* **Problem description**
Could you output exactly the lines running from the one containing "Flourish Pets 3" to the final line of the listing below, leaving out pictures?

++++ Available data ++++

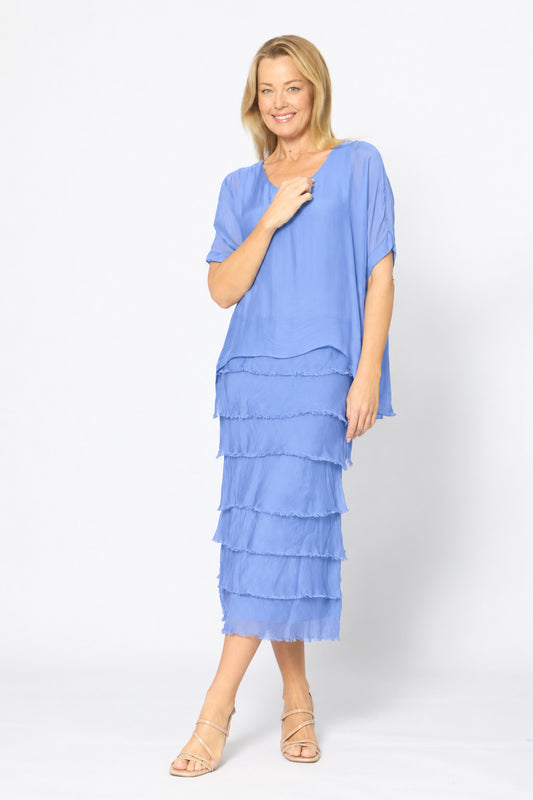 La Strada overlay tiered dress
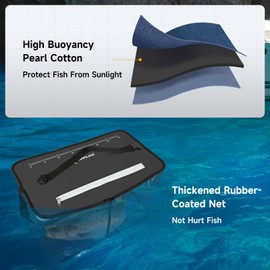 SANLIKE Floating Fishing Basket Collapsible Fishing Net Cage, Rubber Coated Net 40L Fish Basket for Live Caught Fish Minnows Bait Bucket Minnow Trap, Black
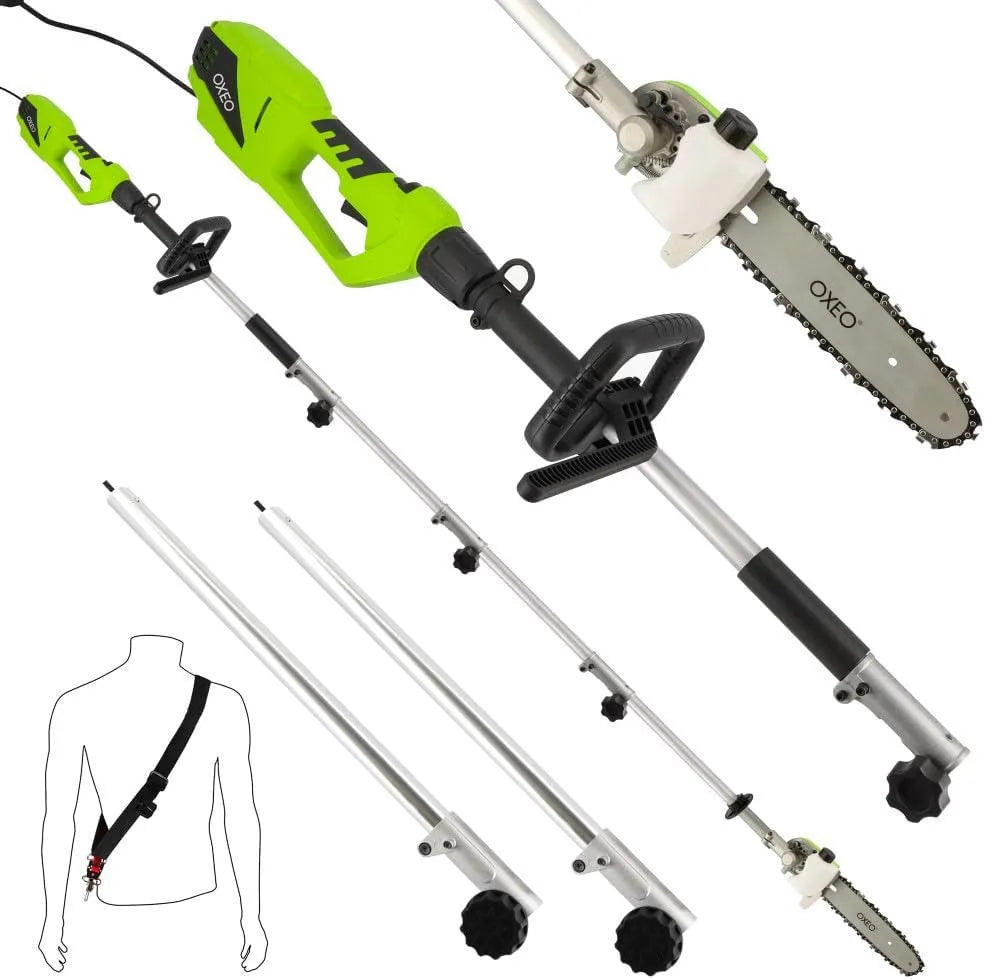 Perche électrique Elagueuse sur, 2 rallonges de 50cm, Longueur de coupe 18cm, Embout élagueuse, Longueur total 3,04m, puissance 900W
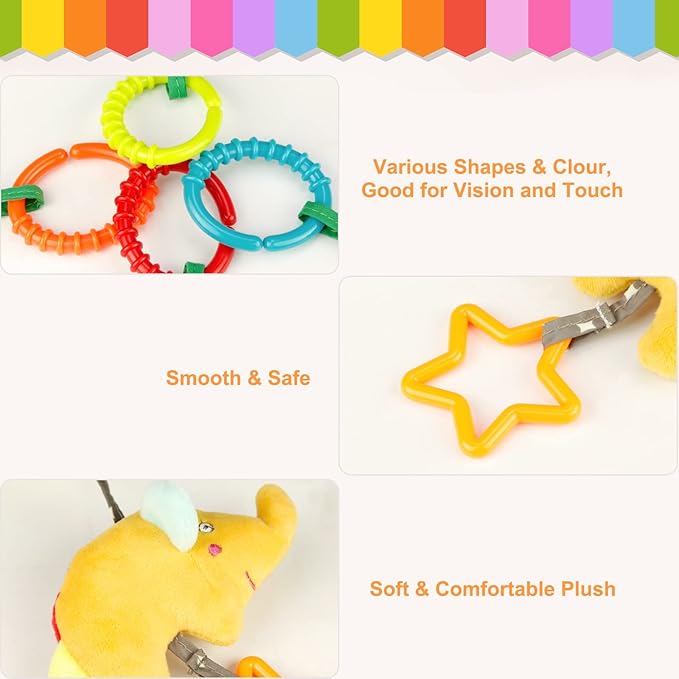 4 Packs Baby Stroller Toys Car Seat Hanging Bell For Boys Girls,Adorable Animal Infant Play Music Crib Toy Carseat Rattles Educational Toys,Kids Hand Bell Puppet With Cute Wind Chime And Squeak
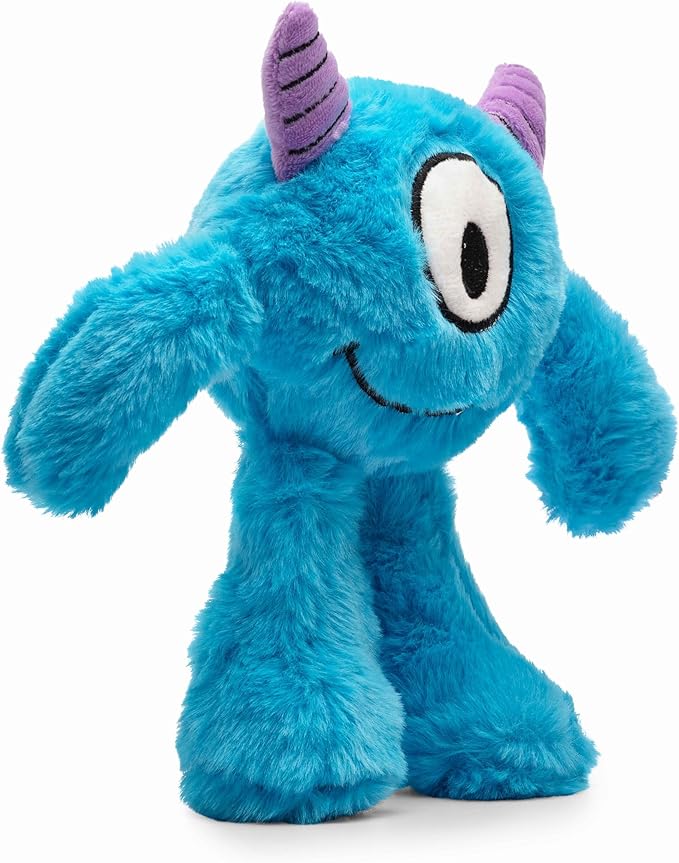 Flourish Pets 3 in 1 Multi-Layer Chew Toy for Active Dogs | Non-Toxic BPA Free Double Stitched Soft Fabric Exterior Dog Toys | Long-Lasting Dog Plush Toys – Small, Blue Monster 8"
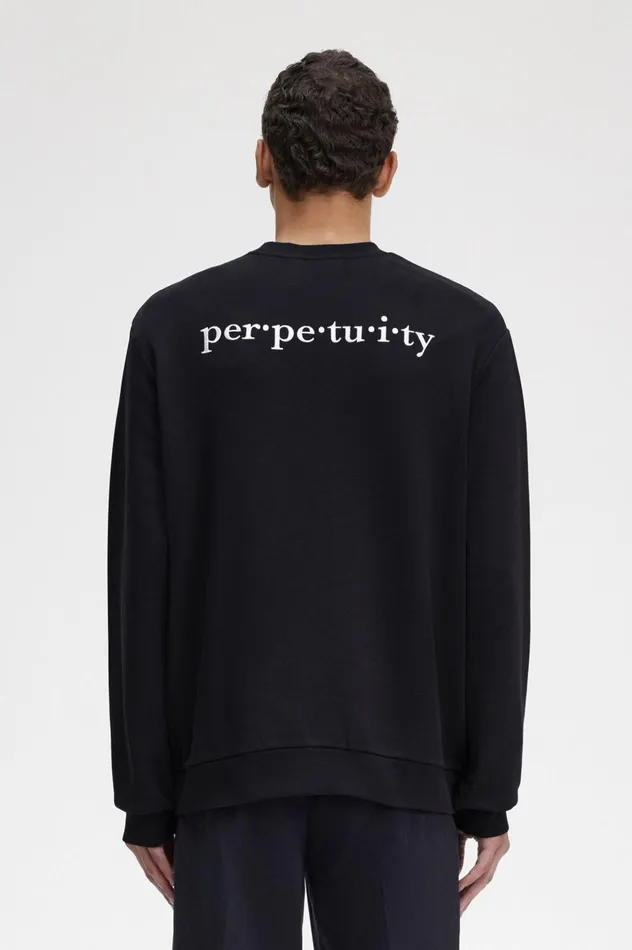 Men Raf SimonsEmbroidered Sweatshirt Black Fred Perry Sweatshirts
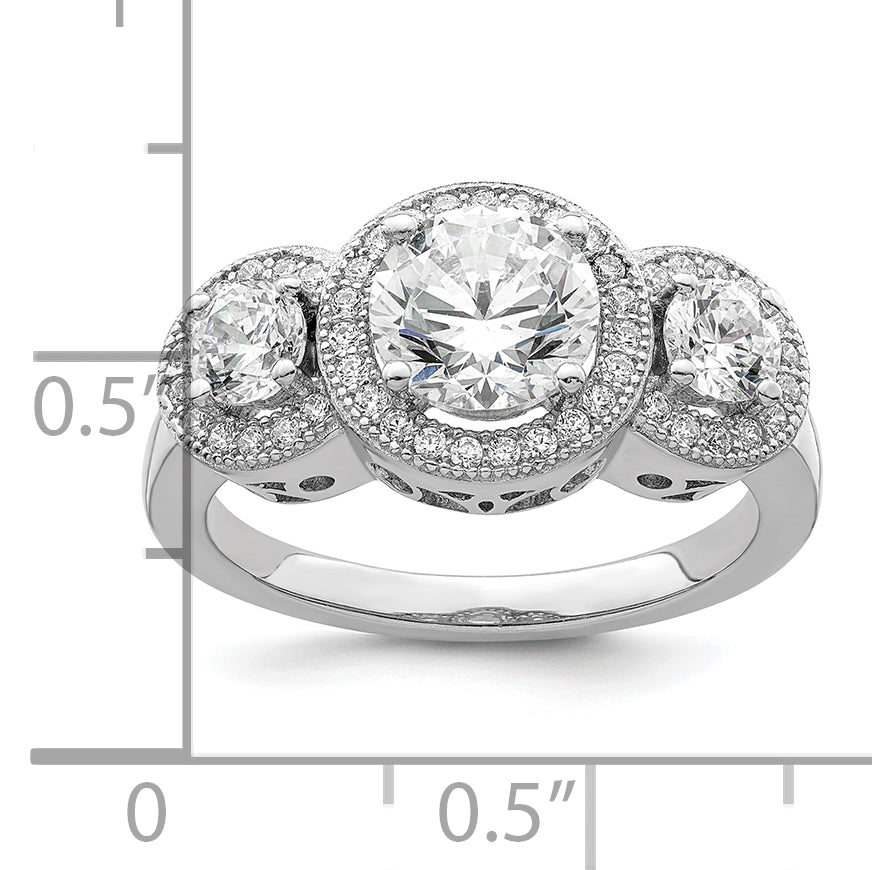 Brilliant Embers Sterling Silver Rhodium-plated 50 Stone Micro PavÃƒÂ¢Ã‚â‚¬Ã‚Å¡ CZ Ring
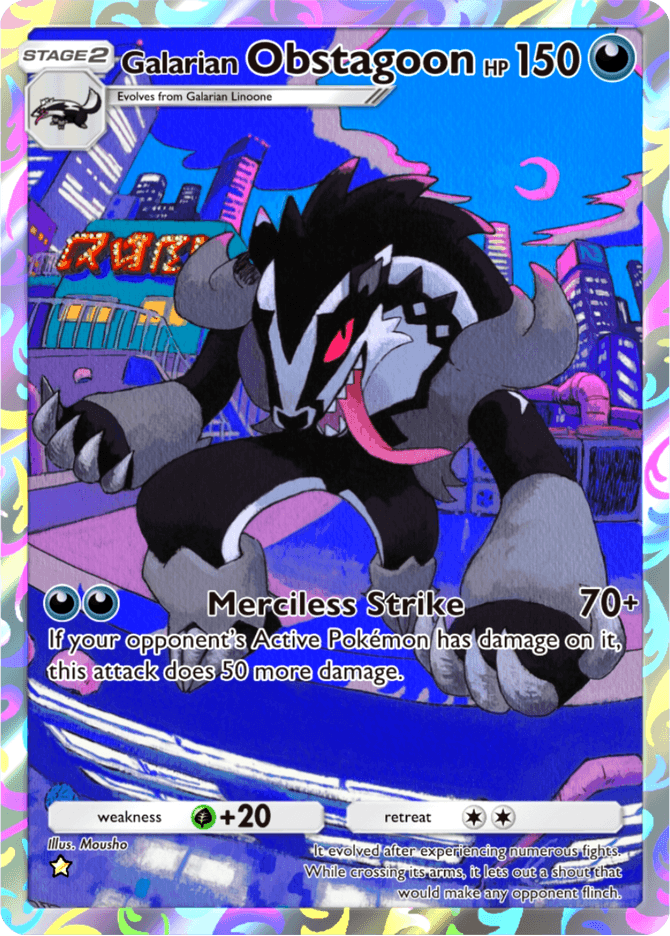 การ์ด Galarian Obstagoon โดย Mousho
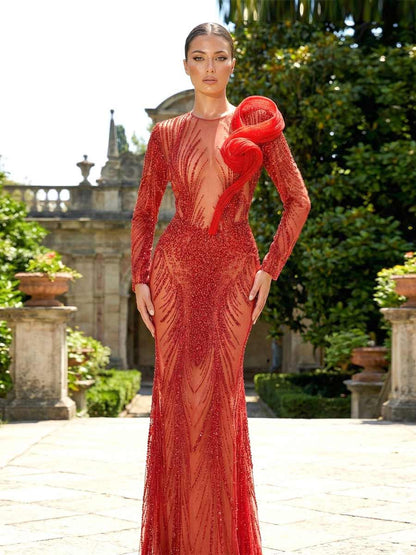 Poppy Long Sleeve Sequin Mesh Maxi Dress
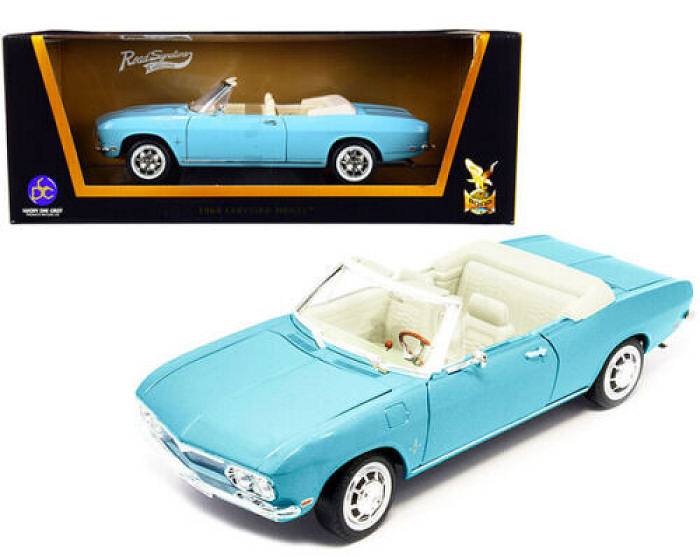SCALE MODEL COMPATIBLE WITH CHEVROLET CORVAIR MONZA CABRIO 1969 LIGHT BLUE 1:18 LUCKY DIE CAST LDC92498LB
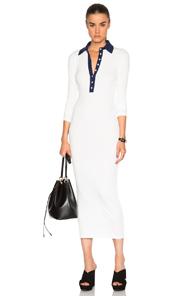 Smythe Knit Polo Dress In White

++++

* **Result of this exercise**
 Flourish Pets 3 in 1 Multi-Layer Chew Toy for Active Dogs | Non-Toxic BPA Free Double Stitched Soft Fabric Exterior Dog Toys | Long-Lasting Dog Plush Toys – Small, Blue Monster 8"
 Men Raf SimonsEmbroidered Sweatshirt Black Fred Perry Sweatshirts
 Brilliant Embers Sterling Silver Rhodium-plated 50 Stone Micro PavÃƒÂ¢Ã‚â‚¬Ã‚Å¡ CZ Ring
 การ์ด Galarian Obstagoon โดย Mousho
 Poppy Long Sleeve Sequin Mesh Maxi Dress
SCALE MODEL COMPATIBLE WITH CHEVROLET CORVAIR MONZA CABRIO 1969 LIGHT BLUE 1:18 LUCKY DIE CAST LDC92498LB
 Smythe Knit Polo Dress In White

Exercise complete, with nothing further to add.